ACTIVITY: Would you transcribe the entries below word for word, omitting all images?

----- RECORDS PROVIDED

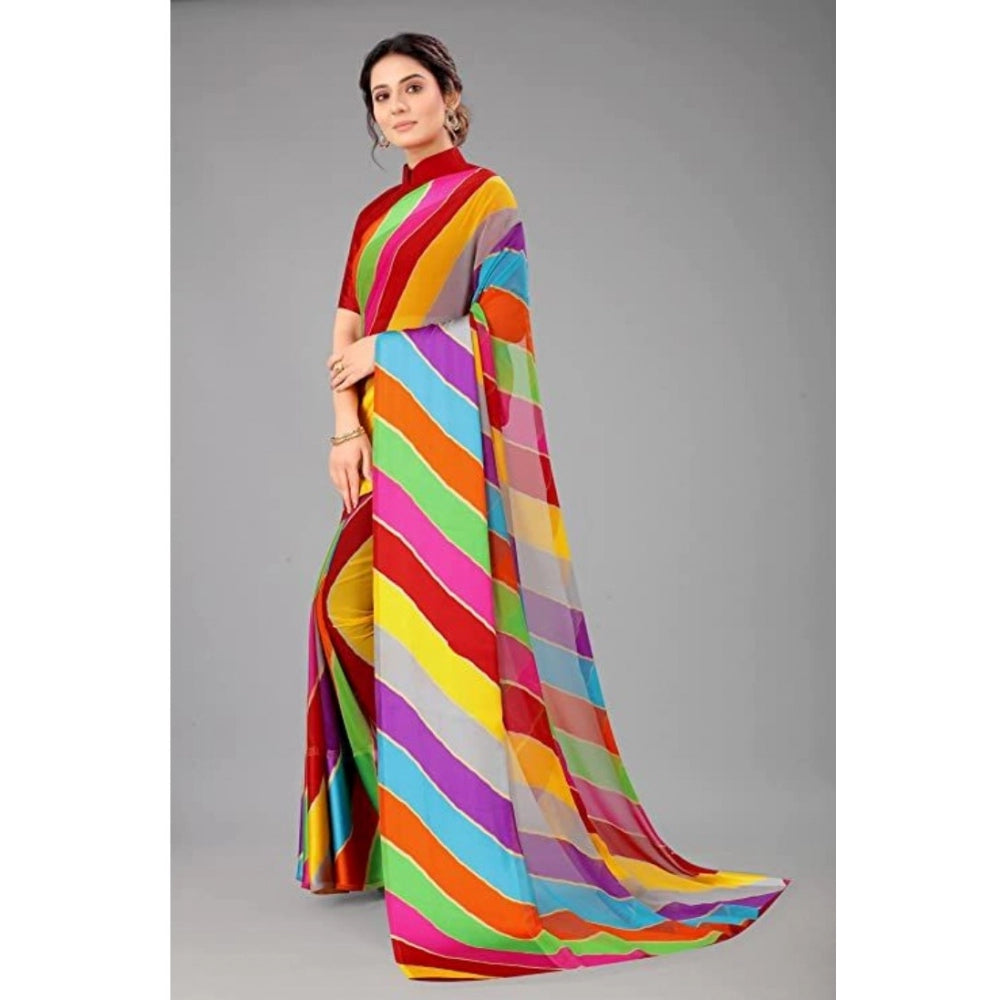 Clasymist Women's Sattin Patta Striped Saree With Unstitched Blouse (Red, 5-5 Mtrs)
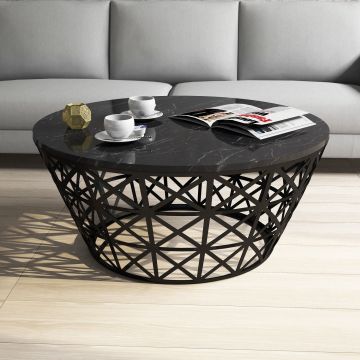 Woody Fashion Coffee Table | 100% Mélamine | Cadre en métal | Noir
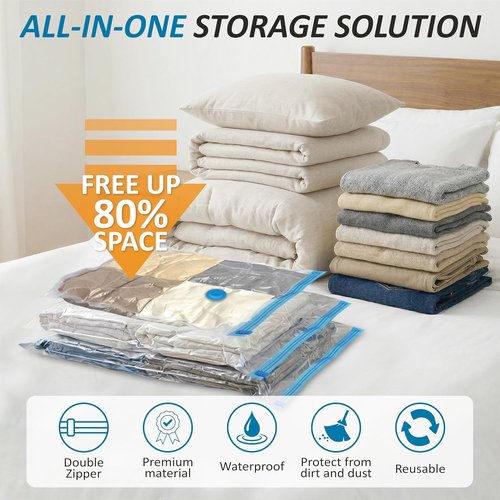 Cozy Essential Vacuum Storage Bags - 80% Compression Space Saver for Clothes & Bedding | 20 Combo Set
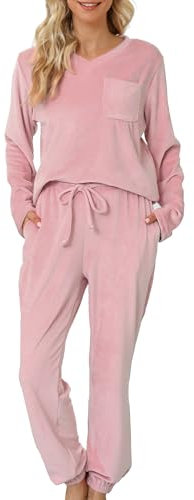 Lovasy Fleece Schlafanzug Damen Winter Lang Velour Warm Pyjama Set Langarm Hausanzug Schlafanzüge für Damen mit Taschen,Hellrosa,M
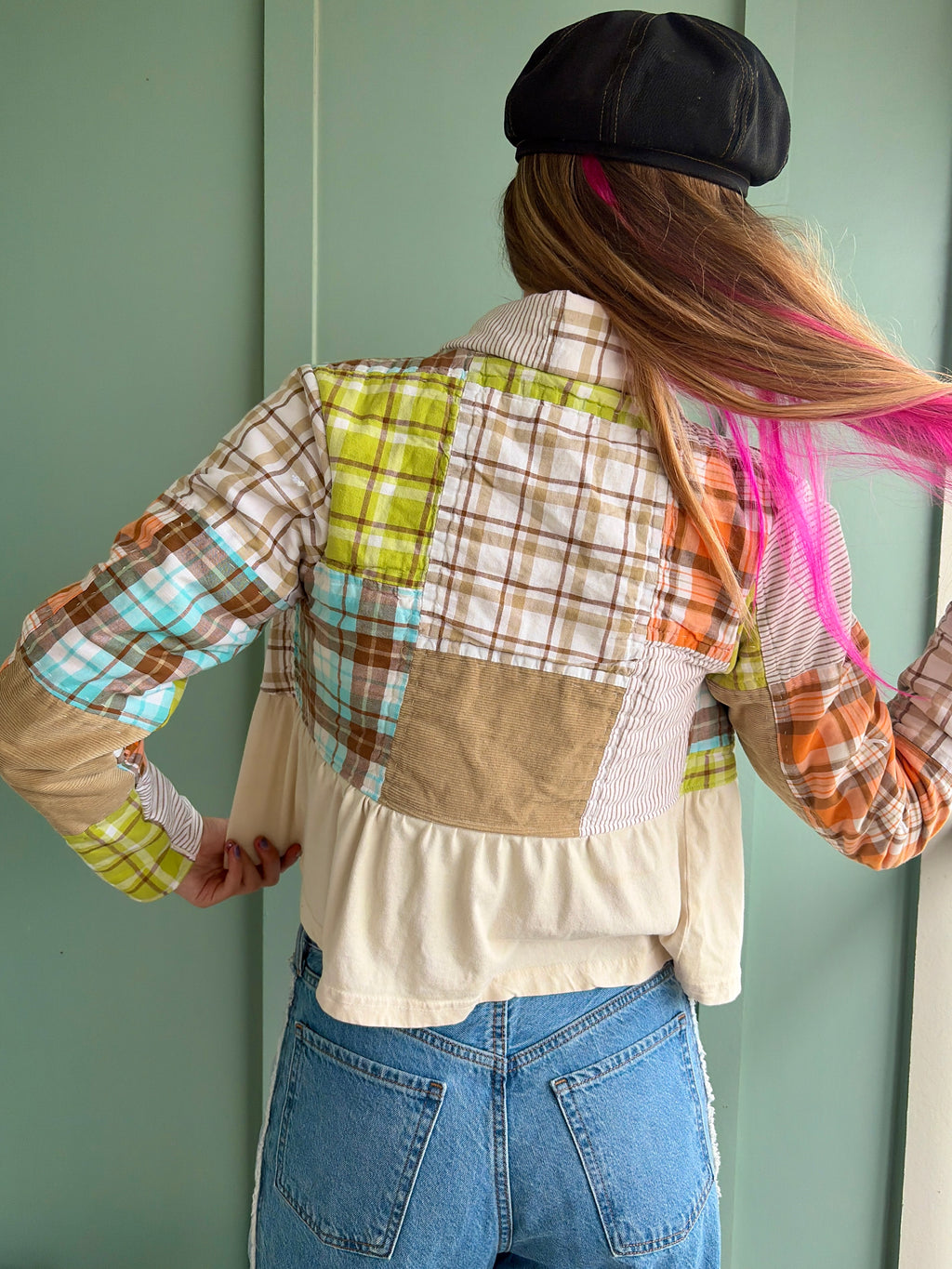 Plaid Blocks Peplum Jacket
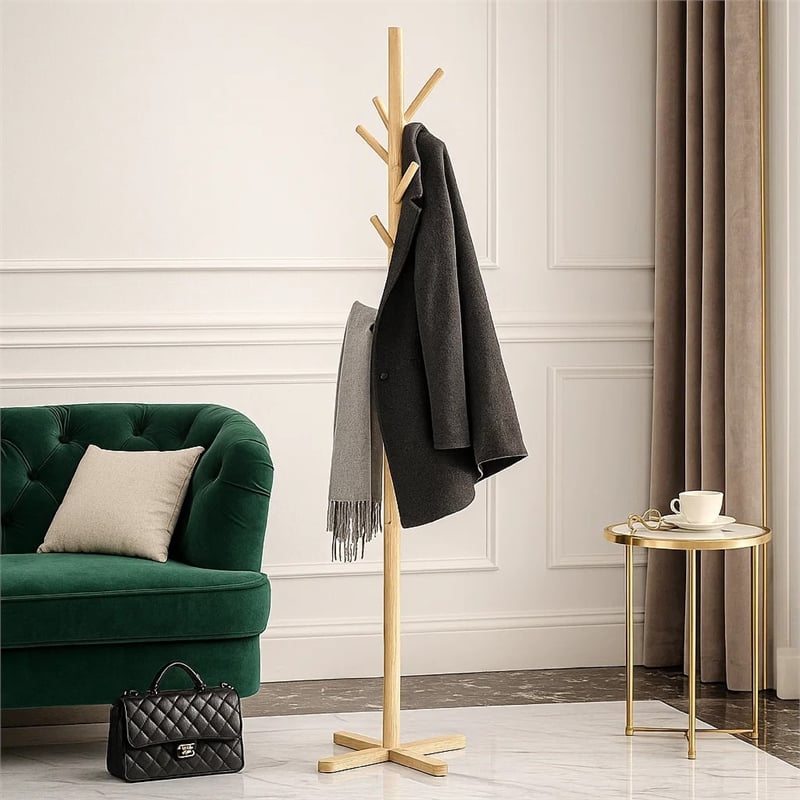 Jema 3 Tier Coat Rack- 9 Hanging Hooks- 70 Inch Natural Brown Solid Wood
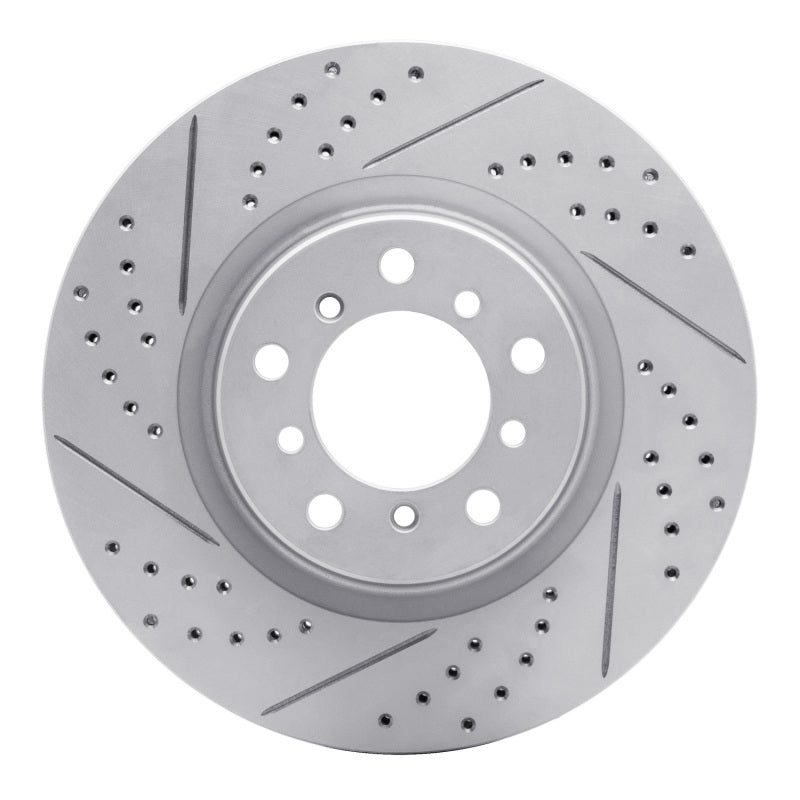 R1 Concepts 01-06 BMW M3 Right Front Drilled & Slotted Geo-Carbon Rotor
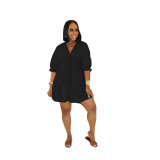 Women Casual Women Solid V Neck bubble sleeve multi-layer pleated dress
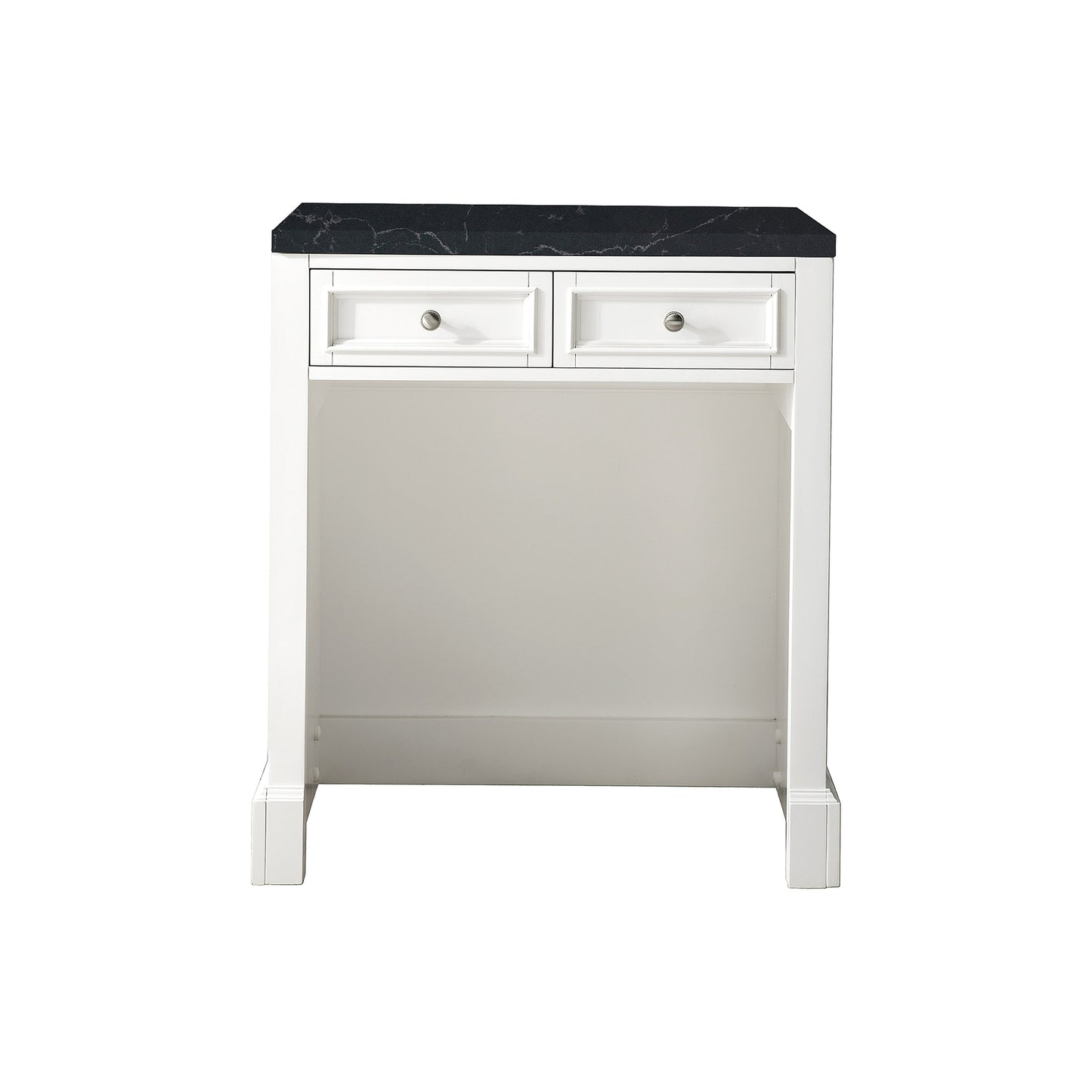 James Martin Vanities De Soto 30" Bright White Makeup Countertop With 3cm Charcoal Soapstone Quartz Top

----------

OUTPUT:
 Clasymist Women's Sattin Patta Striped Saree With Unstitched Blouse (Red, 5-5 Mtrs)
 Woody Fashion Coffee Table | 100% Mélamine | Cadre en métal | Noir
 Cozy Essential Vacuum Storage Bags - 80% Compression Space Saver for Clothes & Bedding | 20 Combo Set
 Lovasy Fleece Schlafanzug Damen Winter Lang Velour Warm Pyjama Set Langarm Hausanzug Schlafanzüge für Damen mit Taschen,Hellrosa,M
 Plaid Blocks Peplum Jacket
 Jema 3 Tier Coat Rack- 9 Hanging Hooks- 70 Inch Natural Brown Solid Wood
 R1 Concepts 01-06 BMW M3 Right Front Drilled & Slotted Geo-Carbon Rotor
 Women Casual Women Solid V Neck bubble sleeve multi-layer pleated dress
 James Martin Vanities De Soto 30" Bright White Makeup Countertop With 3cm Charcoal Soapstone Quartz Top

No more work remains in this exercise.